Guaranteed minimum prices will be granted to small producers of maize, beans, wheat and milk. Announced minimum prices are between 26% (wheat) to 58% (maize) higher than observed farm gate prices in 2018. The eligibility criteria vary for different commodities: maize producers with no more than 5 hectares with a cap of 20 tonnes per producer; bean producers with no more than 20 rain-fed hectares or 5 irrigable hectares, with a cap of 15 tonnes per producer; wheat and rice producers of any size with a cap of, respectively, 100 tonnes and 120 tonnes per producer; milk smallholder producers who sell their product to LICONSA – support is capped at 15 litres per day, per cow, and eligible producers are those owning 100 cows or less.

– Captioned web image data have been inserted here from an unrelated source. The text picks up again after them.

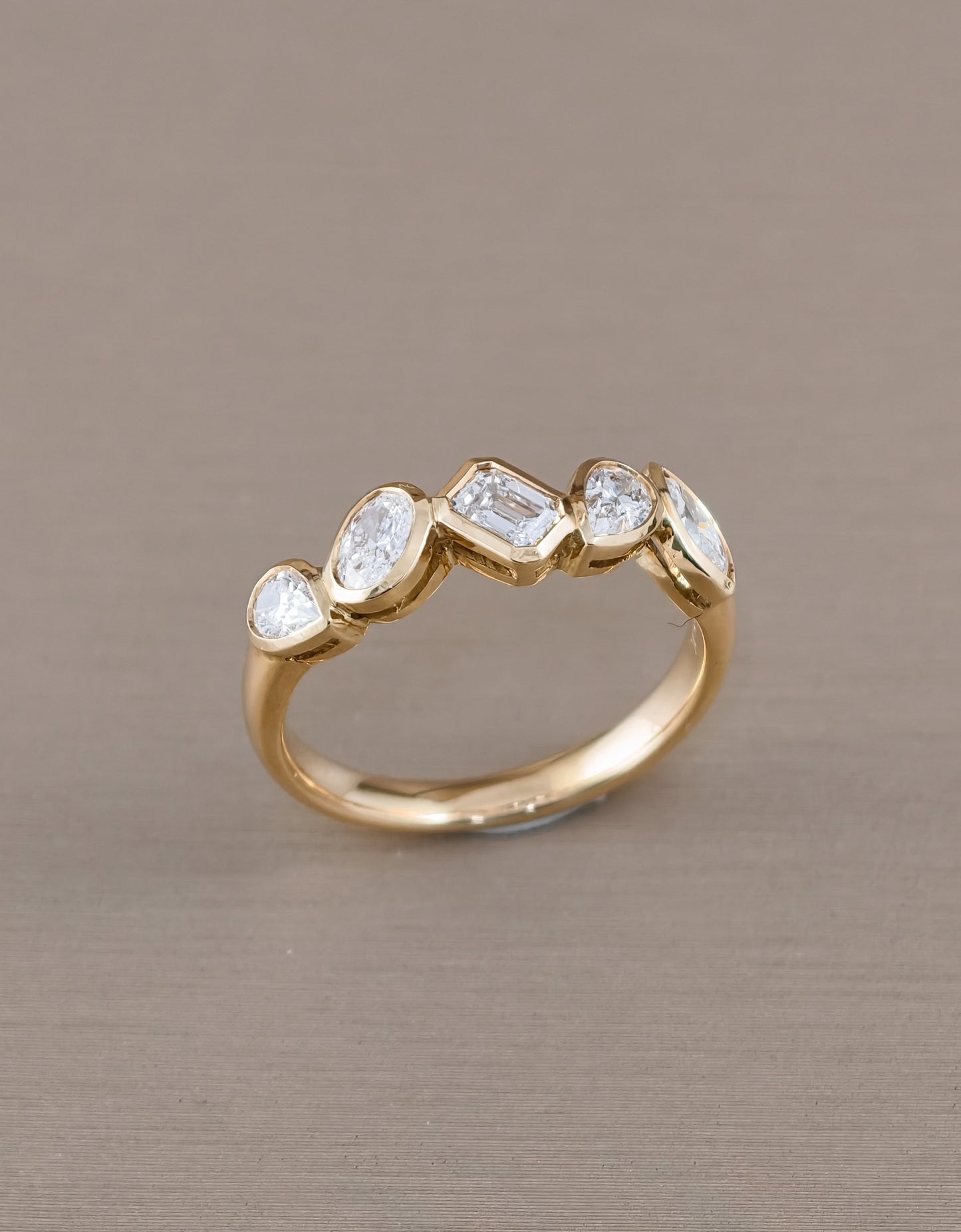 A gold ring featuring five clear gemstones in marquise, baguette, and oval shapes, displayed on a textured taupe background.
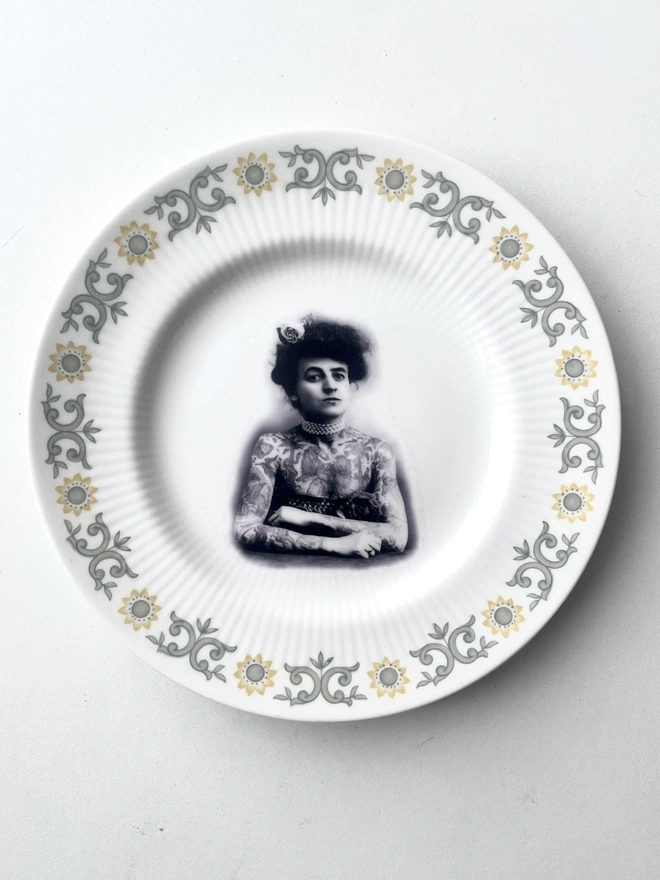 I found a vintage fine bone china plate, and sourced a vintage Tattooed Victorian Woman image in the centre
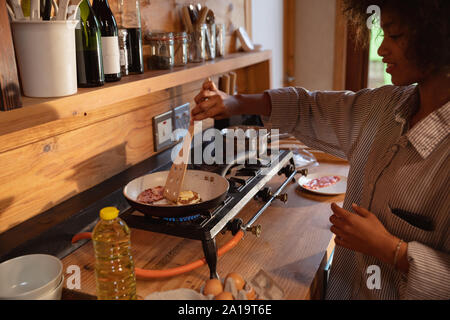 Junge Frau kochen Frühstück zu Hause Stockfoto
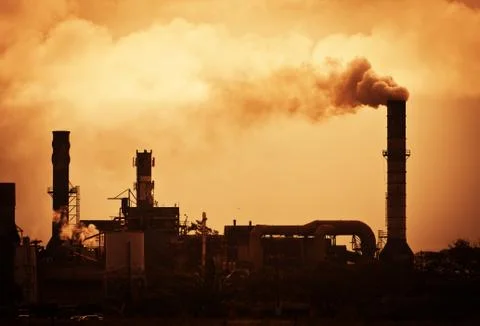 Global warming smoke rising from factory Stock Photos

The National Fertiliser Programme encompasses two strategies. One is to increase the domestic production of phosphate and nitrogen fertilisers by subsidising PEMEX, the state-owned oil company, and the second one is to distribute fertilisers to small producers located in poor areas.

Finally, payments based on area will target small and medium producers and include producers from indigenous communities. Producers holding no more than 0.2 irrigable hectares or 5 rain-fed hectares will receive MXN 1 600 (USD 85) per hectare and per growing season. Producers with land holdings of between 0.2 irrigated hectares and 5 irrigated areas or holding between 5 and 20 rain-fed hectares will receive MXN 1 000 (USD 53) per hectare and per growing season.

Additionally, the government announced the fusion of LICONSA and DICONSA into SEGALMEX (Seguridad Alimentaria Mexicana) or Mexican Food Security. SEGALMEX will be in charge of administering the guarantee minimum price support programme for farmers and the distribution of fertiliser according to the National Fertiliser Programme.

Trade policy developments in 2018-19

In November 2018, Canada, Mexico and the United States signed a new trade agreement, the Mexico-United States-Canada Agreement (called T-MEC in Mexico). This new agreement will come into effect after ratification by the three countries. T-MEC preserves the existing agriculture commitments for Mexican products from the North American Free Trade Agreement (NAFTA).

The US Department of Commerce announced plans to withdraw from the 2013 Suspension Agreement on Fresh Tomatoes (SAFT) from Mexico. The SAFT dates from 1996 and establishes a floor price for Mexican tomato imports into the United States in exchange for suspension of US antidumping investigations. The SAFT has been renegotiated several times and its current version will expire in May 2019. If the United States officially withdraws from the suspension agreement, antidumping investigations are set to resume, potentially affecting tomato producers, mostly located in the state of Sinaloa.

Note

← 1. Black carbon is particular matter formed by the incomplete combustion of fossil, biofuels and biomass; it is a short-lived but powerful climate warming pollutant.